“He just found out he's a tiger?” I asked. “And they just sent him off to the ARC?”
That sounded like a nightmare to me. No wonder he seemed to have a bit of a chip on his shoulder.
“No. I think he's known for a while. He just kept it to himself for a few years.”
I couldn't even imagine what the kid had gone through. My heart went out to him.
“Leave him be right now and let him get settled in. We'll reach out later,” I informed them.
The others nodded in agreement.
We settled in and ate while catching up with everyone. It felt great to have so many home early.
I looked at the time. “Shit! I'm leading a tour group for orientation in ten minutes.”
“You better run.”
I got up to leave and then grabbed the last sandwich on my plate before sprinting out of the cafeteria and across campus to the green.
Lauren
Chapter 2
I toggled the light switch off and on three times.
“Kylie, we're going to be late. Let's go,”I signed.
She scowled at me and gave an inappropriate gesture back.
Sighing, I left the hotel we were staying in and walked out to the car and sat in it waiting for her.

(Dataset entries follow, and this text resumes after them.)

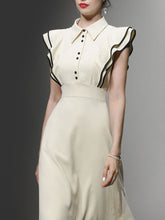 Load image into Gallery viewer, Apricot Ruffles Butterfly Sleeves With Black Edges 1950S Swing Dress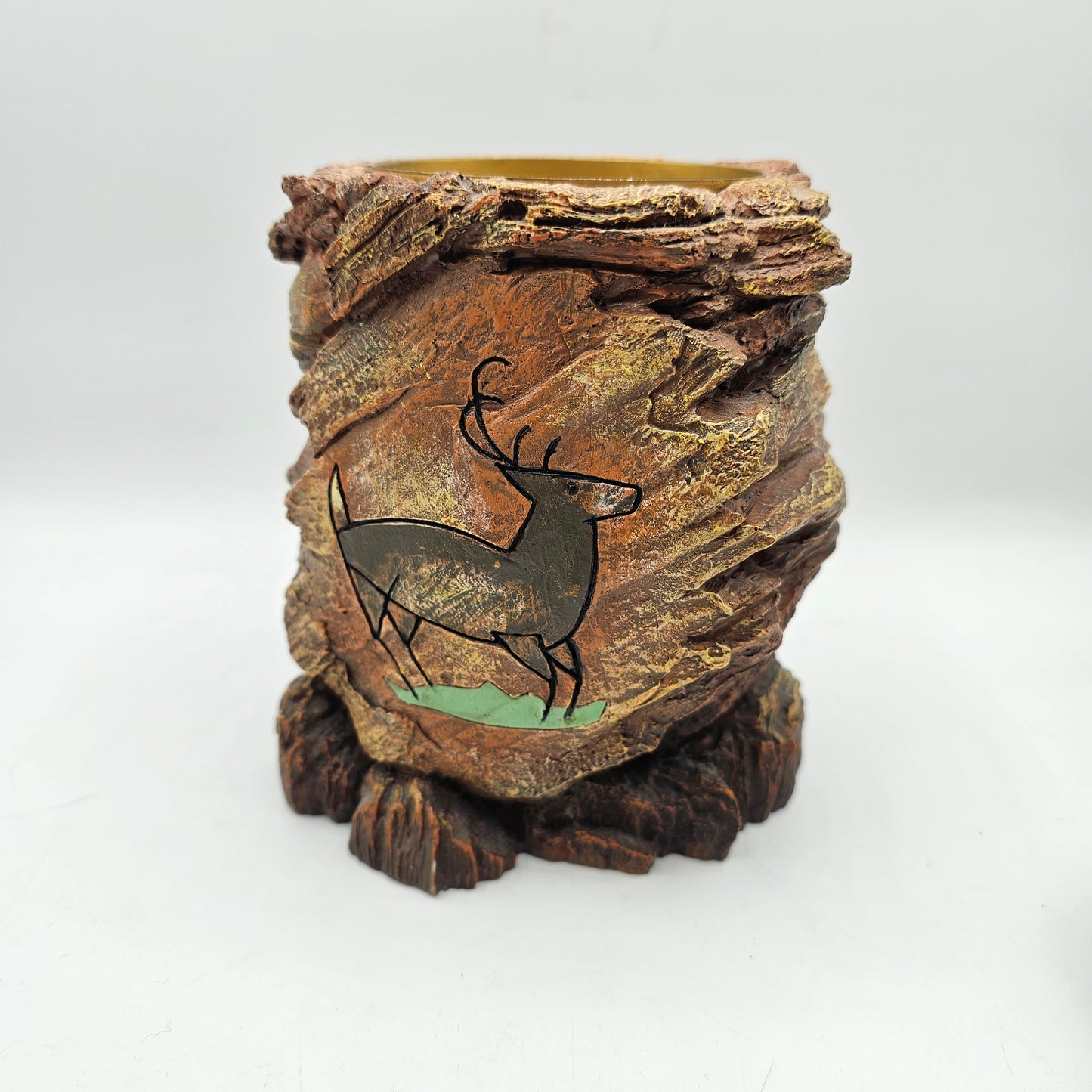 Cave Art Deer on Rock Resin Pillar Candle Holder / Stand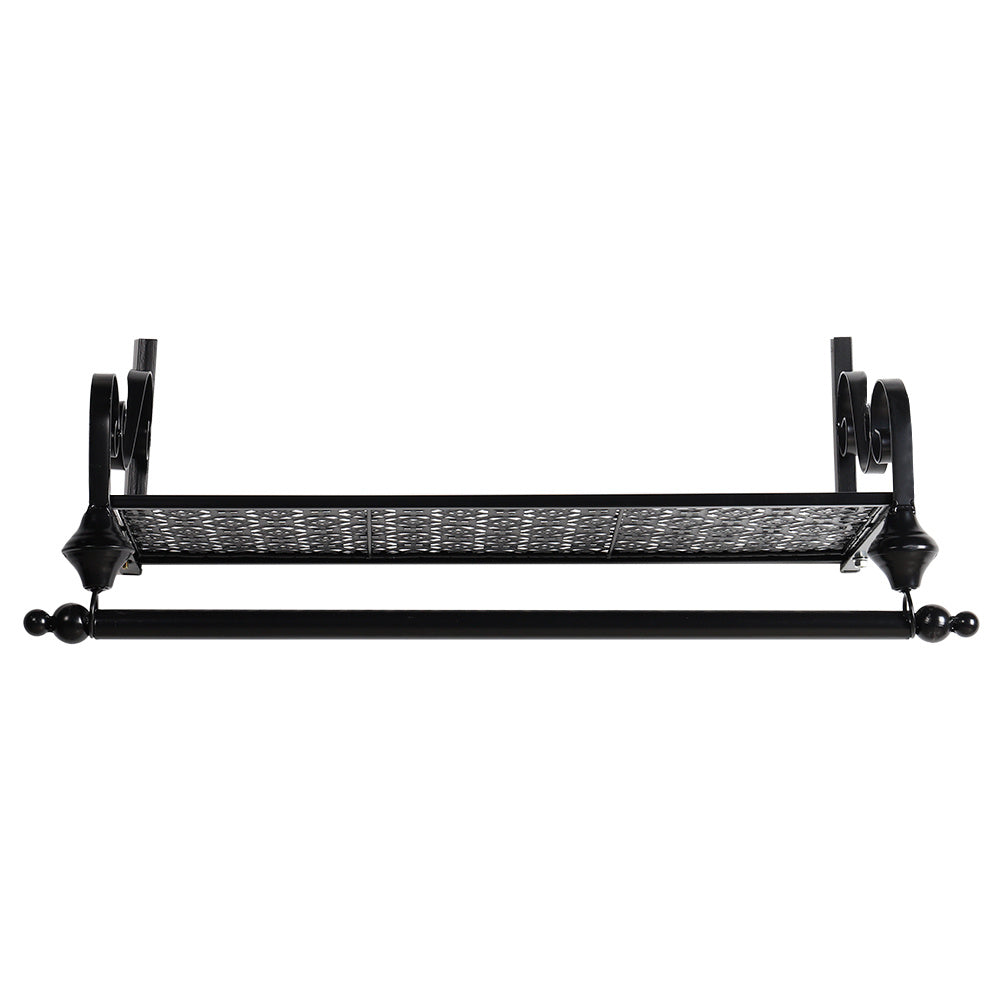 80cm Length Black Wall Mounted Garment Clothes Rail Home Shop Dress Hanging Display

My little sister had begged me not to come with her, but she'd never flown on a plane before, and I had to make sure she arrived safely. So I drove her here myself, all the way across the country. I just wasn't ready to let her go.
Kylie was four years younger than me. When she was five and I was nine, our family had gone out for a day of boating on the Hudson River. I had loved every second of it, but a drunken boater had turned its course at the last second and drove headfirst into our boat. My parents had been below deck at the time and their bodies were found downstream three days later.
My sister had been thrown from the boat, and I'd spent what seemed like hours and was probably only minutes searching for her. She'd lost consciousness, though rescue workers had been able to revive her.
I never really understood what went wrong or how it happened, but somewhere in the midst of the accident she'd lost her hearing. The human doctors told us she had an eighty-three decibels loss and was deaf.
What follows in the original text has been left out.